Canadians have scant past with organ foods, but this could change with the current surge in animal flesh. Charcuterie is the rage in Vancouver. Hot young chefs are rediscovering offal across the land. Lamb shanks, pork belly and beef cheeks are giving way to a more radical tier of brains, ears, snouts, kidneys reeking of aged urine and tripe, reeking of something worse.

With a silken consistency and mild flavour, sweetbreads are the mildest and most agreeable gut of the lot. They partner with the grace of Fred Astaire and Ginger Rogers with foie gras, truffles and wild mushrooms. They can be deep-fried, pan-seared, poached, baked, braised or barbecued. I’ve just been reading about sweetbreads confit, the delicate lobes cooked in duck fat. And at Vancouver’s Judas Goat Taberna, a sweetbreads saltimbocca is wrapped in prosciutto and sauced in sage beurre noir. Oh, dear.

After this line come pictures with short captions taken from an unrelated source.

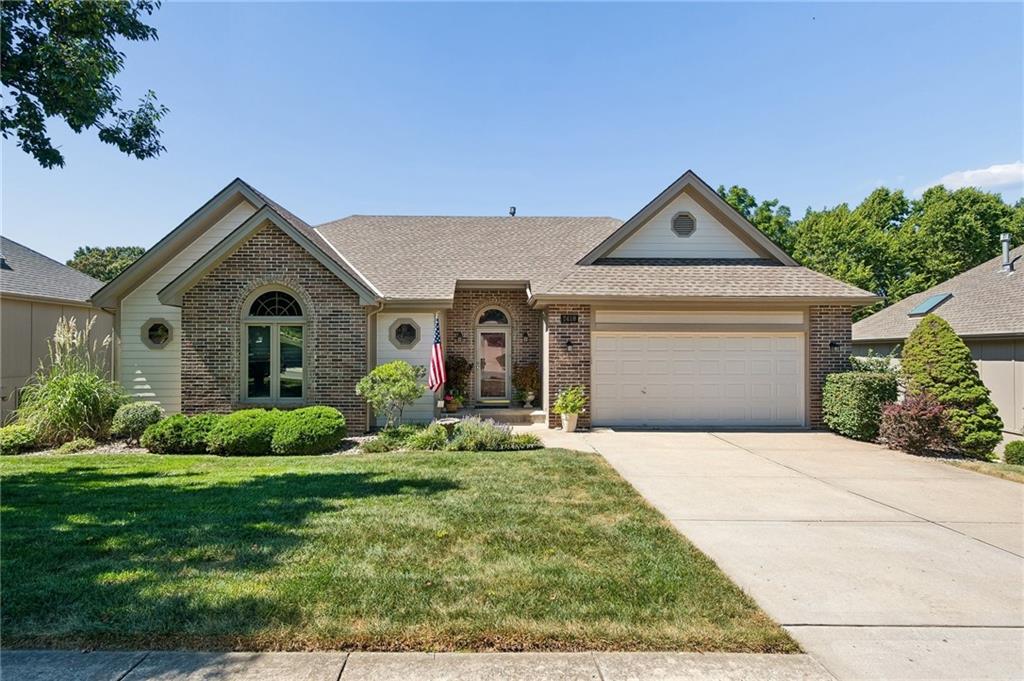 7418 N PROSPECT Avenue, Gladstone, MO 64119 photo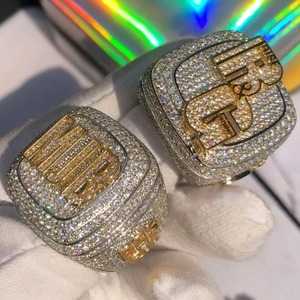 Anillo de Boda de Lujo Personalizado con Corte Brillante Redondo VVS, Anillo de Diamantes Hip Hop Unisex de Plata de Ley 925 con Certificado IGI - Product Image 6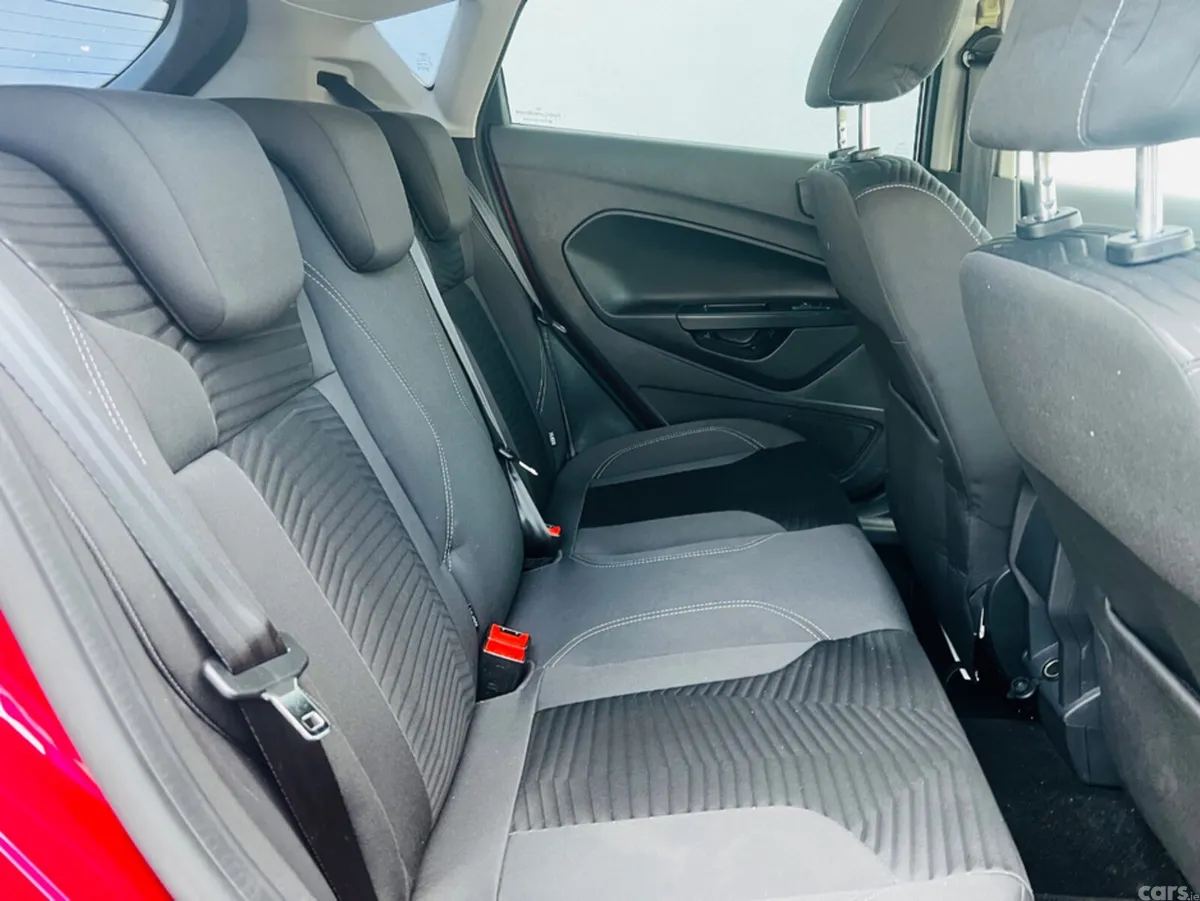Ford Fiesta Hatchback, Petrol, 2014, Red
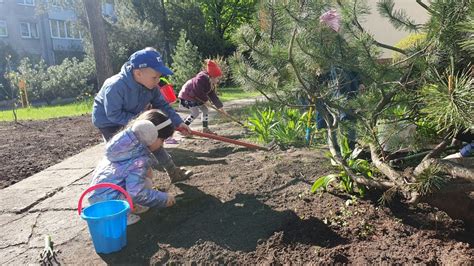 Vaikai, piešiantys gamtos motyvus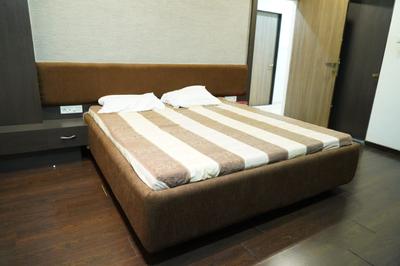 Bedroom Image of 1500 Sq.ft 3 BHK Apartment / Flat for sale in Vallabh Vidhyanagar Anand for Rs. 5500000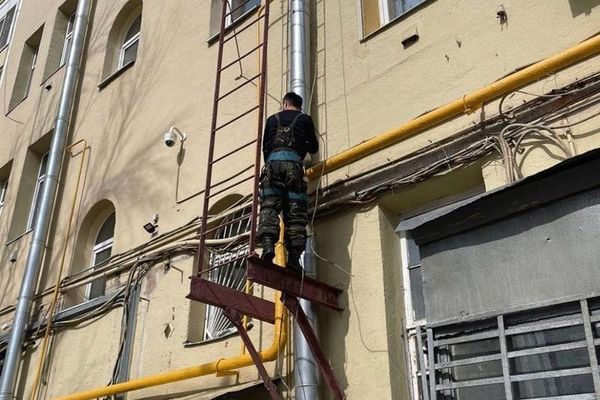 Бишкекте фасаддардагы кабелдерди иретке келтирүү иштери уланууда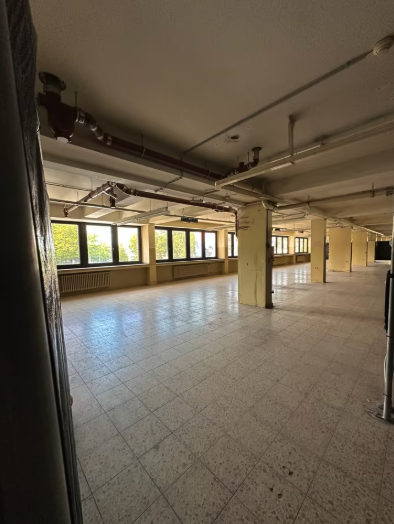Thumbnail-Halle in Düsseldorf 980,00 € 214 m²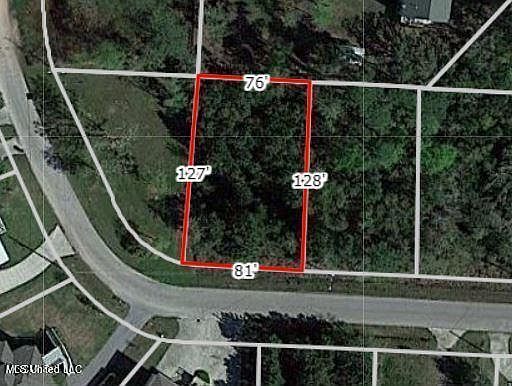 3rd image of Baywood Dr Lot 14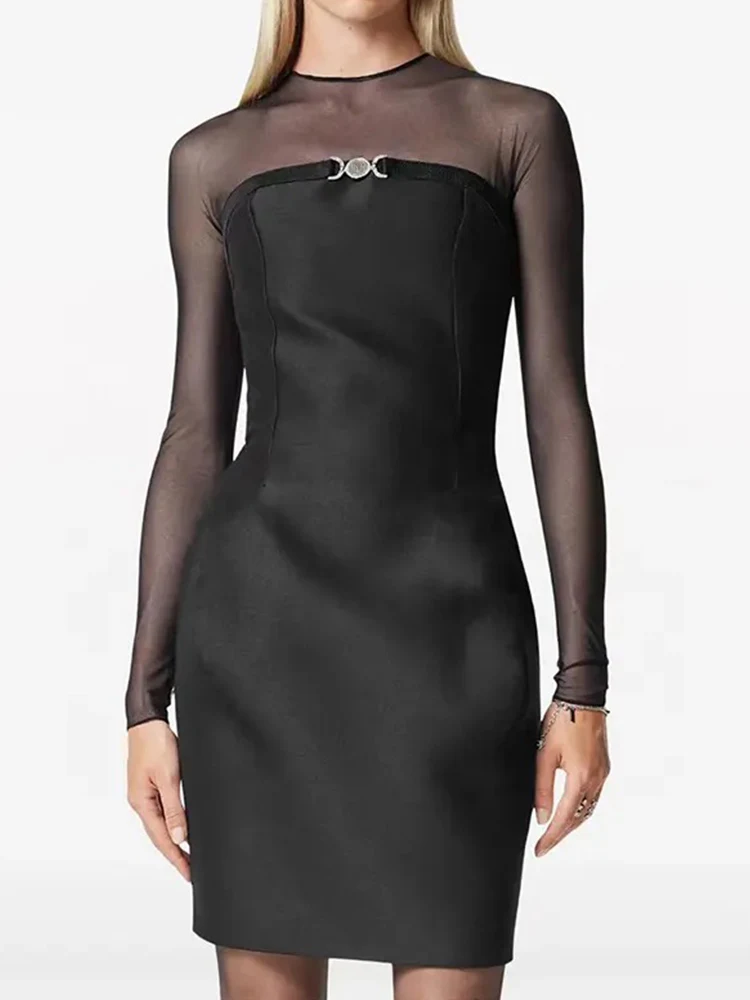 

Light luxury ladies metal buckle sexy perspective mesh stitching long sleeve dress slim slim round neck retro dress.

In realms where puritanism trumps pleasure, the inhabitants don’t know what to make of sweetbreads. Some years ago, after praising sweetbreads in the Globe and Mail, I received a reprimand from the Toronto Vegetarian Association. “If you are an average meat eater,” it finger-wagged, “you’ll consume precisely 12 cows, 29 hogs, 2 sheep, 37 turkeys, 984 chickens and 408 kilograms of fish (and a partridge in a pear tree?) in your lifetime.” The quote was sufficiently loony to merit a place in John Robert Columbo’s Famous Lasting Words, Great Canadian Quotations.

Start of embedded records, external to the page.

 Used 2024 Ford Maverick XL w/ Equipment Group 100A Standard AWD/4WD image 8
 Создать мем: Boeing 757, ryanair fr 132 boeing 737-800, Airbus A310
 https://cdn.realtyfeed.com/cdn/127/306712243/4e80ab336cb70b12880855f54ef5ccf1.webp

Even without the harangue from true believers, sweetbreads have met up with much abuse, mostly from uncomprehending hacks whose kitchens turn them into nuggets of particleboard. Their fragility is such, only a loving hand can make them sing on the plate.

We’re up for loving hands. You’ll never see sweetbreads in a market, but our Thrifty Food’s butcher can get them for me, no problem. When you buy sweetbreads, they should be pale, pink, plump, soft and moist. Settle for nothing less.

Don’t be put off by sweetbreads in the raw. For sure, they won’t be winning any beauty contests. My preferred punishment for B.C. politicians would be a whack in the chops with an armload of untrimmed sweetbreads.

Nobody does sweetbreads like the French, so we subscribe to classic methods of prep. We soak, wash, blanch, cool, hand-trim and press until they’re white and firm. Then slice them into half-inch-thick medallions. Taste as you go to avoid undercooking and overcooking.

We can turn them into a satiny terrine, serve them as a warm salad, stuff them into vol-au-vent, pan-fry them and sauce them every which way. But, I want them the way I had them the first time, when they left me aglow with discovery at the long-gone Toronto bistro La Chaumiere. I know you can’t go back, not really, but I’m still on my knees, banging on the door.

I want golden-brown, bite-size morsels with a dizzying fragrance of butter and Madeira sauce. I want them crispy on the outside and creamy on the inside. I won’t give up. And with a little luck and a heap of time, our ugly duckling will emerge a gastro swan.